Alarm im Zirkus | Retro Überblendung
15.1.23 | 18 Uhr
DDR 1954 – 83 Min. – Schwarzweiß – R: Gerhard Klein – B: Wolfgang Kohlhaase, Hans Kubisch – K: Werner Bergmann – M: Günter Klück – D: Ernst-Georg Schwill, Hans Winter, Gertrud Keller, Erwin Geschonneck, Uwe-Jens Pape, Karl Kendzia, Ulrich Thein
Klaus und Max leben in ärmlichen Verhältnissen im amerikanischen Sektor von Berlin. Die arbeitslosen Halbwüchsigen träumen davon, sich ein paar Boxhandschuhe zu kaufen und so eine große Karriere zu starten.

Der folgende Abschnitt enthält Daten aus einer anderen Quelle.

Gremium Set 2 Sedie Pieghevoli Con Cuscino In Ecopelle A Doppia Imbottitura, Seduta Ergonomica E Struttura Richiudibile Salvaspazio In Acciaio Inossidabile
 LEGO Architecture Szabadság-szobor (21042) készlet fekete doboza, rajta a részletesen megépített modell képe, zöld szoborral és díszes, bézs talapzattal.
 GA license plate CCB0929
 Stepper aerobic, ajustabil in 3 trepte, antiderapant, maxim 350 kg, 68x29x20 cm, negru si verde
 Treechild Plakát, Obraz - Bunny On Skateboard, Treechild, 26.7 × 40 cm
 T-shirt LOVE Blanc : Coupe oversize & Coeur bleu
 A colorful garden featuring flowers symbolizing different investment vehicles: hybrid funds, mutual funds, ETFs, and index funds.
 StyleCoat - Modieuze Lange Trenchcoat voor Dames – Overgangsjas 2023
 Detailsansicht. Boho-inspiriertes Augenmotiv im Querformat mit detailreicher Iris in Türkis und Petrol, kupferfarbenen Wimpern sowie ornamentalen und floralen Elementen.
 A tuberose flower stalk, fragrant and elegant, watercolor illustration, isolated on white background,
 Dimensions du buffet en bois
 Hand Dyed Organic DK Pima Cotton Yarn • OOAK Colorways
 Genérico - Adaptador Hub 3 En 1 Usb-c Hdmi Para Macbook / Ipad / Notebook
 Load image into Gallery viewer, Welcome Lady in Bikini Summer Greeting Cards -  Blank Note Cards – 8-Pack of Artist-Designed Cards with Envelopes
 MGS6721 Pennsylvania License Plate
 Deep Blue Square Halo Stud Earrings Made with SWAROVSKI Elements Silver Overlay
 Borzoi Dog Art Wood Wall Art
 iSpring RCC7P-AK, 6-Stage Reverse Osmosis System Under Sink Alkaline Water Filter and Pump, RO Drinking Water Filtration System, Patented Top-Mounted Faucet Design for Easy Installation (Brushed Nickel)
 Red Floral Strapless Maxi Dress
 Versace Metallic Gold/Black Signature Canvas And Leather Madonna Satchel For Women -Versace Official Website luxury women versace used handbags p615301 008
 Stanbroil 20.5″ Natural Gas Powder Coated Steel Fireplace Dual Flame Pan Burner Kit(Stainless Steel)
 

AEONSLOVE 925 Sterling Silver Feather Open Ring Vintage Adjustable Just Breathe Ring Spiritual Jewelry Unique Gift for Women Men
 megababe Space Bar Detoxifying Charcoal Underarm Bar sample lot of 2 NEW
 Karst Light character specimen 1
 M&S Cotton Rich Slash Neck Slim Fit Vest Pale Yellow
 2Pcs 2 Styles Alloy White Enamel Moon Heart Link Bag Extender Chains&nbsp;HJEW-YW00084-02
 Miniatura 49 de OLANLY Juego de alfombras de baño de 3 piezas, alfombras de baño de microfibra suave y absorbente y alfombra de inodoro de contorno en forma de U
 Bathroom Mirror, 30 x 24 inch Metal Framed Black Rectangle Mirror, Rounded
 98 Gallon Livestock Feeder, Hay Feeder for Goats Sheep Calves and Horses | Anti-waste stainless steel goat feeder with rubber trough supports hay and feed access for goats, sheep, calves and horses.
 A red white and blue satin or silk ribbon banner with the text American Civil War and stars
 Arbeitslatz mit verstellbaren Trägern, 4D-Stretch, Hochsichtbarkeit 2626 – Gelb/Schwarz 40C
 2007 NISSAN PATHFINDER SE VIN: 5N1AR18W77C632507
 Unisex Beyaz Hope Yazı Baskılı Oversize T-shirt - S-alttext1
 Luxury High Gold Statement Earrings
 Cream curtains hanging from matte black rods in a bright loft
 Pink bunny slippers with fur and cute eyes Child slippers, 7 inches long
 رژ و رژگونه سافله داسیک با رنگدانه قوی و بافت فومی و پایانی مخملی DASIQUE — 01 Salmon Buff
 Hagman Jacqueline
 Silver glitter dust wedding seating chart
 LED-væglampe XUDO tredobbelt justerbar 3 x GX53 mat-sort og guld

Eine entsprechende Chance bietet sich, als sie dabei mitmachen können, bei Nacht und Nebel Pferde aus dem Ost-Berliner Zirkus Barlay nach West-Berlin zu bringen. Doch zufällig waren die Jungs kurz zuvor in dem Zirkus gewesen, und Klaus hatte dort später die Geburt eines Fohlens miterlebt, das von den Pferdedieben nun als Ballast getötet werden soll.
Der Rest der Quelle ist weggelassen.